Hoje são 124 Estados-parte do TPI. Um número considerável, sem dúvida, mas longe de ser universal. Principalmente, estão ausentes uma série de potências, muitas delas desde o início, como China e Rússia. É também caso da maior potência militar do planeta, já que os EUA assinaram o Estatuto de Roma no ano 2000, mas, em 2002, abandonaram qualquer pretensão de ratificá-lo. Uma mistura do isolacionismo histórico do país com a euforia da Guerra ao Terror, que motivou a lei popularmente chamada de “Invasão de Haia”.
Assinada em agosto de 2002, essa lei autoriza o uso de “todos os meios necessários” para impedir que um cidadão dos EUA seja julgado em Haia. O TPI, desde sua fundação, basicamente julgou pessoas africanas, o que também gera críticas ao tribunal.
A triste realidade é que não existe um tribunal que julgue indivíduos e que tenha total representatividade e legitimidade internacional.

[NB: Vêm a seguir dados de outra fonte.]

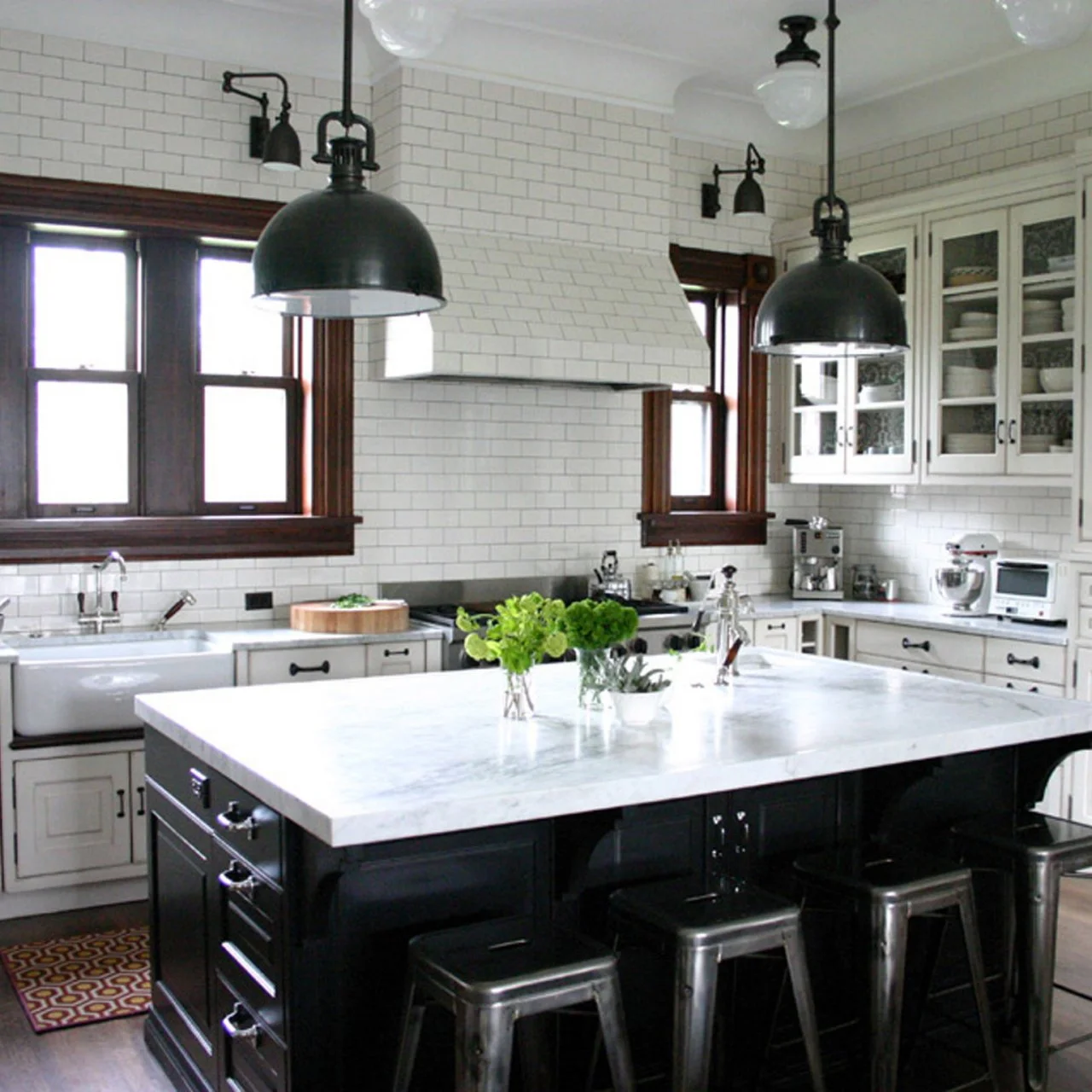 White kitchen with black and wood accents hotsell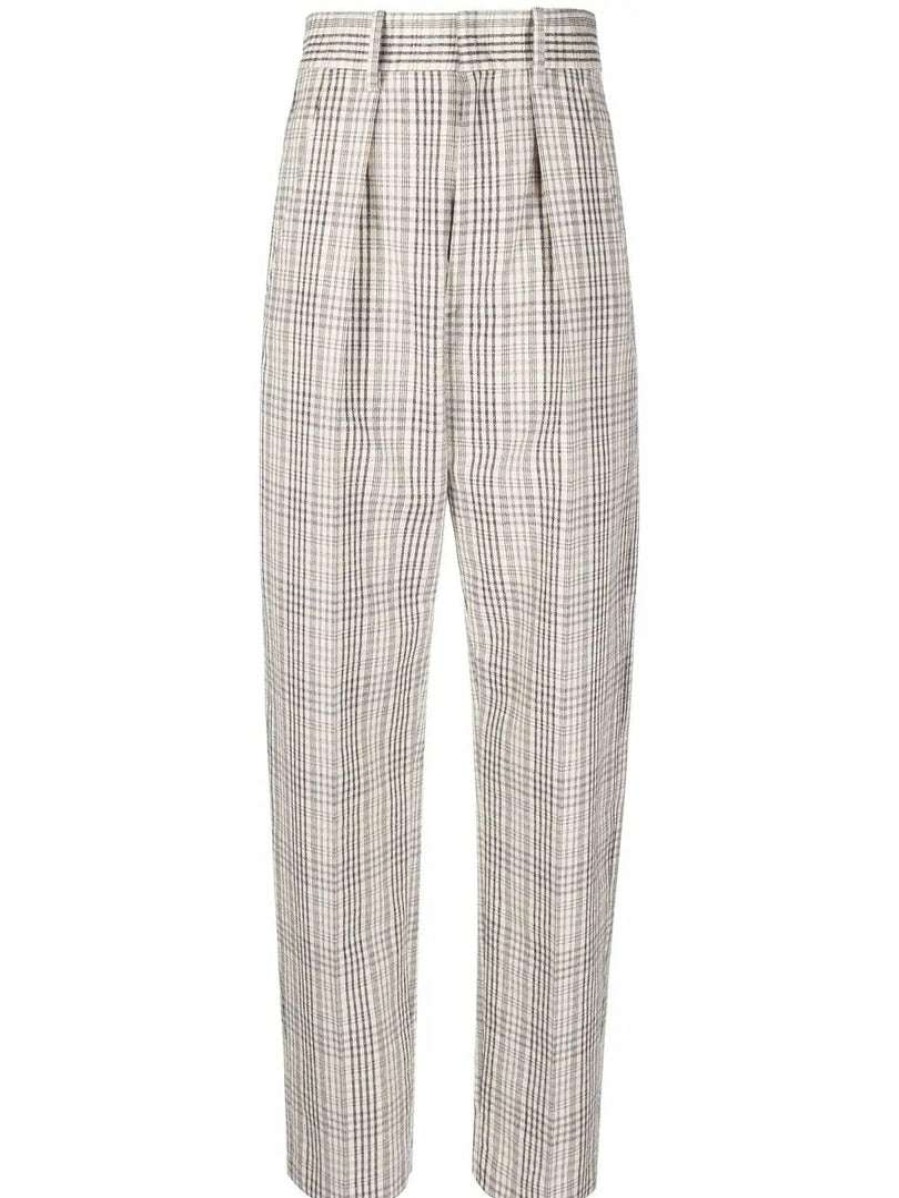 Clothing * | Isabel Marant Etoile Clothing 'Miro' Textured Check Trousers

O TPI é inconsistente, não tem poder de dissuasão e é refém da boa-vontade dos Estados e dos interesses desses Estados.
E simplesmente não é do interesse da Mongólia prender Vladimir Putin, assim como não seria do interesse da maioria dos outros países. A Mongólia tem profundas parcerias com a Rússia, é um país bem menor e possui uma fração do poder russo.
Dizer que a Mongólia deveria “fazer a coisa certa” e prender Putin por ser parte do TPI é, novamente, ingenuidade. Em um mundo em que quase metade dos países, incluindo algumas das maiores potências, sequer assumiram esse mesmo compromisso com o tribunal.
Nada disso significa dizer que Vladimir Putin não possui responsabilidade por uma guerra de agressão contra a Ucrânia. A situação reflete problema mais amplo do direito internacional, que é a frequente falta de critérios e de consequências diretas aos países.
Desafiar os interesses dos EUA traz mais prejuízo do que desafiar o TPI ou a Corte Internacional de Justiça. No fim, o TPI depende de uma vaga noção de autoridade moral em um mundo guiado pelo interesse em sua forma mais crua. A visita de Putin à Mongólia é só mais um exemplo.